İbn Cerîr, İbn Ebî Hâtim ve Ebu'ş-Şeyh, Süddî'den bildirir:

“Nasıl ki, Rabbin seni hak uğruna evinden çıkarmıştı..." buyruğunda çıkarılma Hazret-i Peygamber'in (sallallahü aleyhi ve sellem) savaş için Bedir'e çıkarılmasıdır. "...Müminlerden bir grup ise bu konuda kesinlikle isteksizlerdi" buyruğunda bazı müminlerin müşriklerin peşine düşmede isteksiz oldukları bildirilmiştir. "Gerçek apaçık ortaya çıktıktan sonra, sanki göz göre göre ölüme sürülüyorlarmış gibi seninle o konuda tartışıyorlardı" buyruğunda, sadece Yüce Allah'ın emrettiği şeyi yapmasına rağmen müşrikler geliyor denildiği zaman sanki bile bile ölüme götürülüyorlarmış gibi bazılarının onunla tartıştığı ifade edilmiştir.

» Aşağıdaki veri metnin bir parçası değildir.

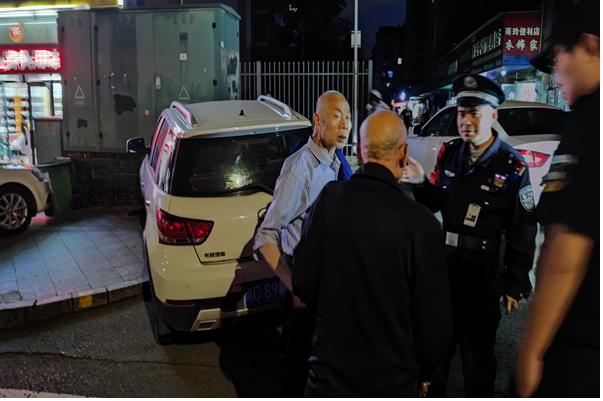 板塘快警站热心救助一名迷路老人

İbn Cerîr, İbn Abbâs'tan bildirir: Bedir savaşı öncesinde Hazret-i Peygamber (sallallahü aleyhi ve sellem) müşriklerle karşılaşma konusunu ashabına danışıp Sa'd b. Ubâde malum şeyleri söyleyince Allah Resûlü Müslümanların savaş için silahlarını hazırlamalarını emretti. Ancak bu emir bazı müminlerin pek hoşuna gitmedi. Bunun üzerine Yüce Allah:

“Nasıl ki, Rabbin seni hak uğruna evinden çıkarmıştı. Müminlerden bir grup ise bu konuda kesinlikle isteksizlerdi. Gerçek apaçık ortaya çıktıktan sonra, sanki göz göre göre ölüme sürülüyorlarmış gibi seninle o konuda tartışıyorlardı" âyetlerini indirdi. Tartışmaları da müşriklerle savaşmayı istememeleri yüzündendi.

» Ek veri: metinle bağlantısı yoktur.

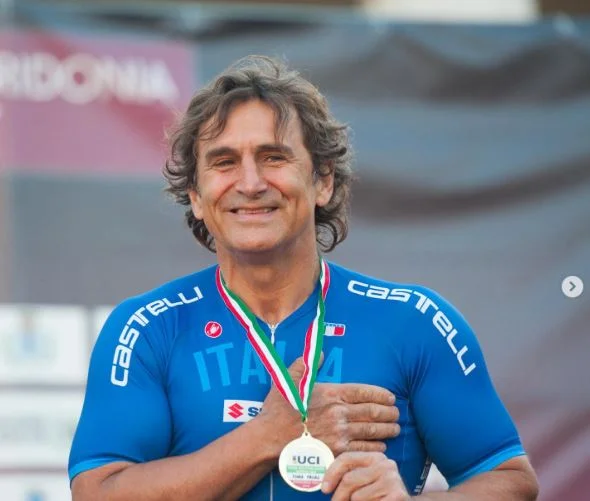 Morre Alessandro Zanardi, ex-F1 e ícone do esporte paralímpico, aos 59 anos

Bezzâr, İbnu'l-Münzir, Ebu'ş-Şeyh, İbn Merdûye ve İbn Asâkir, Abdurrahman b. Avf'tan bildirir: Yüce Allah hoşumuza gitmeyen ve bize zor gelen bazı şeyleri emrettiğinde hayrın da daha hayırlısının hoşlanmadığımız şeyde olduğunu da gördük. Peygamberimizle (sallallahü aleyhi ve sellem) birlikte hoşumuza gitmese de Mekke'den çıkıp Harre önlerindeki Sebehe denilen yere yerleştiğimizde Yüce Allah bu yerde bize güç ve zafer ihsan etti. Aynı şekilde:

“Nasıl ki, Rabbin seni hak uğruna evinden çıkarmıştı. Müminlerden bir grup ise bu konuda kesinlikle isteksizlerdi. Gerçek apaçık ortaya çıktıktan sonra, sanki göz göre göre ölüme sürülüyoriarmış gibi seninle o konuda tartışıyorlardı" âyetlerinde bahsedildiği gibi Bedir'e çıktığımızda Yüce Allah yine burada bize güç ve zafer ihsan etti. Bu şekilde hayrın da daha hayırlısının başlarda hoşumuza gitmeyen şeyde bulduk.

İbn Cerîr, Zührî'den bildirir: Resûlullah'ın (sallallahü aleyhi ve sellem) ashabından biri:

“...Sanki göz göre göre ölüme sürülüyoriarmış gibi seninle o konuda tartışıyorlardı" âyetini açıklarken bu tartışmanın kervan için çıkış konusunda olduğunu söylerdi.